> **Work required**: For each record below, retype the text exactly and omit any image.

Information supplied Block Start

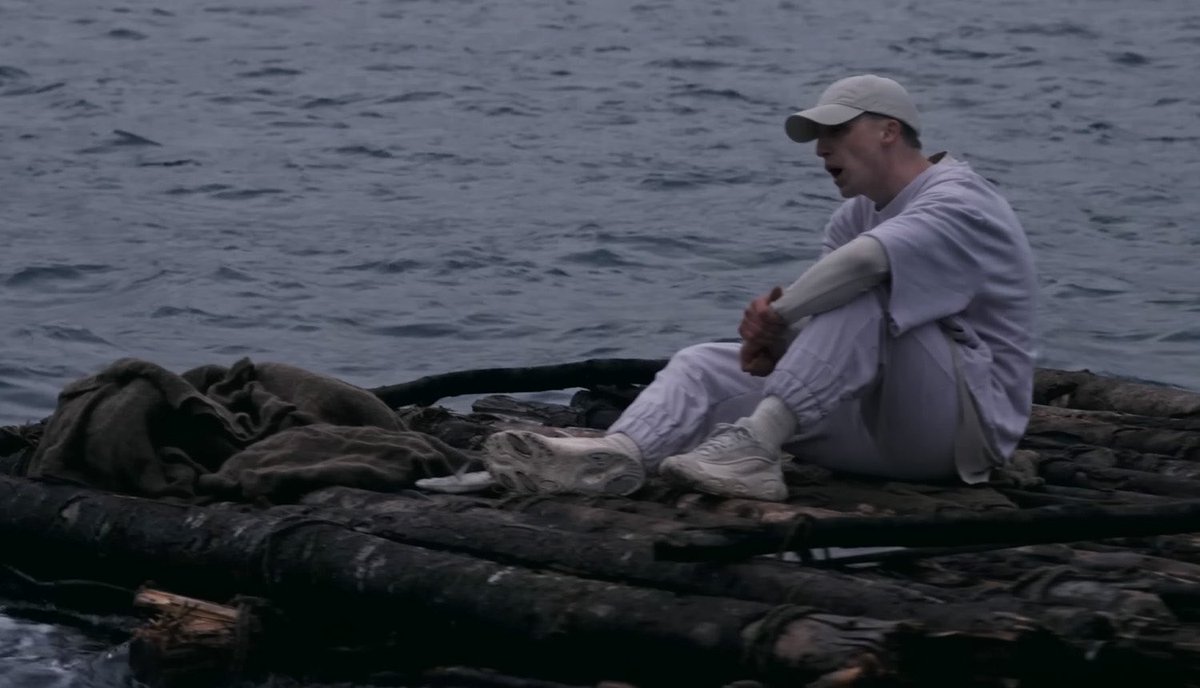NFcommunityNF's tweet photo. Hidden messages and Easter Eggs in HOPE:

Hope begins seeing NF “Drifting” in the ocean. Following the outro of The Search Trauma “Grab my hand, I’m drowning, I feel my heart pounding, Why haven’t you found me yet?”. Showing that Hope has finally found Hope.

He begins with how the old NF has had his chance to help him and still hasn’t gotten better so now it is “Hopes” turn. 

When he goes to introduce his album, you can hear all of his emotions trying to fight for whose album this will be “My Album”. 

“HOPE” announces his entrance by referencing “What your definition of success” but this time changing it to “What is my definition of success” and finally answering the question. 

You can also see the Paddle from “Lost” that he pics up on the raft he was drifting on. 

You can also see that this film is much brighter than his other ones where there was a slightly greenish tint to where there is only brightness in “Hope”. 

You can also see NF finally has the “map to Hope” that he has been “Searching” for. 

We also finally see “Hope” meeting the older version of NF and see that he is leading him in different directions. He is lead back to the beach where the older version of himself has lead him in a circle

We hear the music starting to get darker as “Hope” is mentioning all the time that was wasted. but gets interrupted when he says “Pretending I was in” and once he was about to say (Mansion) we see the older version of him push him into the mansion yelling “They Get It”

He then gets pushed inside his mind where we hear “Mansion” begin playing. While also seeing the balloons from perception and the shopping cart from the search. 

The only other video we see NF talking to himself is “Therapy Session” which has been more than 6 years ago. 

We see him enter a room filled with balloons which I believe he referenced in “Mansion: This rooms full of regrets, it just keeps getting fuller it seems”

We then see him walk into a room with the older version of him from “Perception: Let You Down” locked in the cage from “Outcast”. 

Hope slowly begins to back away when the old NF puts a bag over his head. Which he has referenced in many songs

We see him take the bag off his head and mentions how he finally forgives his mom and he references “I ain’t gon’ say I forgive you cause it hasn’t happened, How Could You Leave Us”

We then hear Hope list off everything NF has been suffering through for the past 30 years while the old version tries to interrupt him yelling “HEY, NATE, WAIT”

We see them fighting for who has control over NF with the older version yelling “You’ll never evolve” referencing to “Clouds: Calmly feel myself evolving” and “Lost: Told me I could never evolve”

At the very end we see Hope take the reigns where he has mentions in a few songs including “Lost”

Now my reasoning for using “Old NF” instead of “Fear” is because we don’t know which emotion this is. The main emotions are Fear, Anger and Pride. Many think that “Running” is showing that he is done with his old self. He never mentions Fear or Anger. He says “Of holding on to you, it's time to let
My pride, Go and learn to love myself again”. There are still 2 emotions left. 
We still have not heard the song referenced in “Intro 3: I wish I was buryin' anger
But both of us know I'ma need him for that song (that song), he still lives in the basement”
In “Happy” he says “I got some issues that I won't address
I got some baggage I ain't opened yet
I got some demons I should put to rest”

NF does have “Hope” but we saw that he has the map and still doesn’t know where to go. He just found the map so he still needs to get to where the map leads. Clearly these other emotions are wanting an album too..  

Yes we all know the NF journey, but we just found the map to Hope. It’s not that simple. The real journey has only just begun..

Information supplied Block End

> **Finished exercise**:
NFcommunityNF's tweet photo. Hidden messages and Easter Eggs in HOPE:

Hope begins seeing NF “Drifting” in the ocean. Following the outro of The Search Trauma “Grab my hand, I’m drowning, I feel my heart pounding, Why haven’t you found me yet?”. Showing that Hope has finally found Hope.

He begins with how the old NF has had his chance to help him and still hasn’t gotten better so now it is “Hopes” turn. 

When he goes to introduce his album, you can hear all of his emotions trying to fight for whose album this will be “My Album”. 

“HOPE” announces his entrance by referencing “What your definition of success” but this time changing it to “What is my definition of success” and finally answering the question. 

You can also see the Paddle from “Lost” that he pics up on the raft he was drifting on. 

You can also see that this film is much brighter than his other ones where there was a slightly greenish tint to where there is only brightness in “Hope”. 

You can also see NF finally has the “map to Hope” that he has been “Searching” for. 

We also finally see “Hope” meeting the older version of NF and see that he is leading him in different directions. He is lead back to the beach where the older version of himself has lead him in a circle

We hear the music starting to get darker as “Hope” is mentioning all the time that was wasted. but gets interrupted when he says “Pretending I was in” and once he was about to say (Mansion) we see the older version of him push him into the mansion yelling “They Get It”

He then gets pushed inside his mind where we hear “Mansion” begin playing. While also seeing the balloons from perception and the shopping cart from the search. 

The only other video we see NF talking to himself is “Therapy Session” which has been more than 6 years ago. 

We see him enter a room filled with balloons which I believe he referenced in “Mansion: This rooms full of regrets, it just keeps getting fuller it seems”

We then see him walk into a room with the older version of him from “Perception: Let You Down” locked in the cage from “Outcast”. 

Hope slowly begins to back away when the old NF puts a bag over his head. Which he has referenced in many songs

We see him take the bag off his head and mentions how he finally forgives his mom and he references “I ain’t gon’ say I forgive you cause it hasn’t happened, How Could You Leave Us”

We then hear Hope list off everything NF has been suffering through for the past 30 years while the old version tries to interrupt him yelling “HEY, NATE, WAIT”

We see them fighting for who has control over NF with the older version yelling “You’ll never evolve” referencing to “Clouds: Calmly feel myself evolving” and “Lost: Told me I could never evolve”

At the very end we see Hope take the reigns where he has mentions in a few songs including “Lost”

Now my reasoning for using “Old NF” instead of “Fear” is because we don’t know which emotion this is. The main emotions are Fear, Anger and Pride. Many think that “Running” is showing that he is done with his old self. He never mentions Fear or Anger. He says “Of holding on to you, it's time to let
My pride, Go and learn to love myself again”. There are still 2 emotions left. 
We still have not heard the song referenced in “Intro 3: I wish I was buryin' anger
But both of us know I'ma need him for that song (that song), he still lives in the basement”
In “Happy” he says “I got some issues that I won't address
I got some baggage I ain't opened yet
I got some demons I should put to rest”

NF does have “Hope” but we saw that he has the map and still doesn’t know where to go. He just found the map so he still needs to get to where the map leads. Clearly these other emotions are wanting an album too..  

Yes we all know the NF journey, but we just found the map to Hope. It’s not that simple. The real journey has only just begun..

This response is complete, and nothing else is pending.